You can also compare your upload with another upload by passing the GUIDs of the uploads you want to compare with, by including compare_with_upload_guids = c("GUID1").

The response includes a GUID (a UUID such as a1b2c3d4-e5f6-7890-abcd-ef1234567890). Save this GUID; you use it to fetch your results once they are ready.

# The GUID is returned in the response
my_guid <- result$id

Fetching your results

Processing can take some time. Use the GUID with trait() to check status and retrieve results. Here we will use an GWAS that has already been uploaded to the GPMap.

This is of Atopic Dermatitis.

my_guid <- "7a289615-c1b4-91f3-3d97-887f60de9155"
my_results <- gpmapr::trait(my_guid, include_associations = TRUE)

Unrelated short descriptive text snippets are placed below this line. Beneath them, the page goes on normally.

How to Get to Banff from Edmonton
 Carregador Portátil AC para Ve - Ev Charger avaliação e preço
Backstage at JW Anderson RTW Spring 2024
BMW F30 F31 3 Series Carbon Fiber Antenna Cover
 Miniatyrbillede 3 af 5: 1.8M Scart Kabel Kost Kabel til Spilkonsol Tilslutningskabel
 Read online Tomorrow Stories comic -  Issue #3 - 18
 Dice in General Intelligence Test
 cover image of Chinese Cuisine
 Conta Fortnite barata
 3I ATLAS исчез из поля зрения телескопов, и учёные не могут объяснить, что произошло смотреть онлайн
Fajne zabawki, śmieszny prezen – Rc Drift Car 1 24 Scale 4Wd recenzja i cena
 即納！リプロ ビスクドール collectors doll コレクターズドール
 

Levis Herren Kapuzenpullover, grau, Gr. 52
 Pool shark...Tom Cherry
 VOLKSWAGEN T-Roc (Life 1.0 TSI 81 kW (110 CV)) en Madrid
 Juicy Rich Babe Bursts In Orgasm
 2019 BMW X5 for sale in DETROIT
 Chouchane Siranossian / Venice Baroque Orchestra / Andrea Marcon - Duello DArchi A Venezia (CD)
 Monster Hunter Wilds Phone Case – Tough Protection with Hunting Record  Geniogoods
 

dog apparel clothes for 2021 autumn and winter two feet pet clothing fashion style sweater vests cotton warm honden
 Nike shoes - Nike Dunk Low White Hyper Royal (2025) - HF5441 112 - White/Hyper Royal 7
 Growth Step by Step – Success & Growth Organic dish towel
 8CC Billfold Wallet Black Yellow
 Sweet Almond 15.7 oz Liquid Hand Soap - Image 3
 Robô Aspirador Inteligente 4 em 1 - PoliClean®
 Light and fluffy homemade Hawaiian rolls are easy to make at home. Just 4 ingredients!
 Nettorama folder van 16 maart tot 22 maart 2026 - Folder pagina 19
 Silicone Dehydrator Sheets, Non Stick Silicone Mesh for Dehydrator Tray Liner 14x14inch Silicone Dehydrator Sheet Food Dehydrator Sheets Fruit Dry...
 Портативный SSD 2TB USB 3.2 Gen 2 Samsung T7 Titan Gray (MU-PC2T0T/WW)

When processing is complete, the result includes trait, coloc_groups, study_extractions, upload_study_extractions, and optionally associations and coloc_pairs.

Interpreting your results

Much of the same analysis that is shown in the case study can be applied to your upload results. If you are interested in the relationship between your upload and another trait, you can filter the coloc groups by trait id.

Your upload results use the same structure as traits in the database. Here are the main components and what they mean.

Study extractions

The difference between study_extractions and upload_study_extractions is that upload_study_extractions are the individual finemapped regions (LD blocks) that were found from the uploaded GWAS, while study_extractions are the existing finemapped loci that your upload colocalises with.

Key columns include study, snp, gene, chr, bp, min_p, and trait metadata (trait_name, data_type, tissue).

# Study extractions (structure may vary - list of dataframes or single dataframe)
uploaded_study_extractions <- my_results$upload_study_extractions
paste("Number of uploaded study extractions:", nrow(uploaded_study_extractions))
#> [1] "Number of uploaded study extractions: 144"
study_extractions <- my_results$study_extractions
paste("Number of study extractions associated with your upload:", nrow(study_extractions))
#> [1] "Number of study extractions associated with your upload: 3854"

Coloc groups and coloc pairs

Although coloc groups provide a more robust view of the relationship between your trait and other traits, coloc pairs can be useful for identifying the specific regions that are driving the colocalisation, espeically if the loci is less powered, and therefore less likely to be captured by the coloc groups.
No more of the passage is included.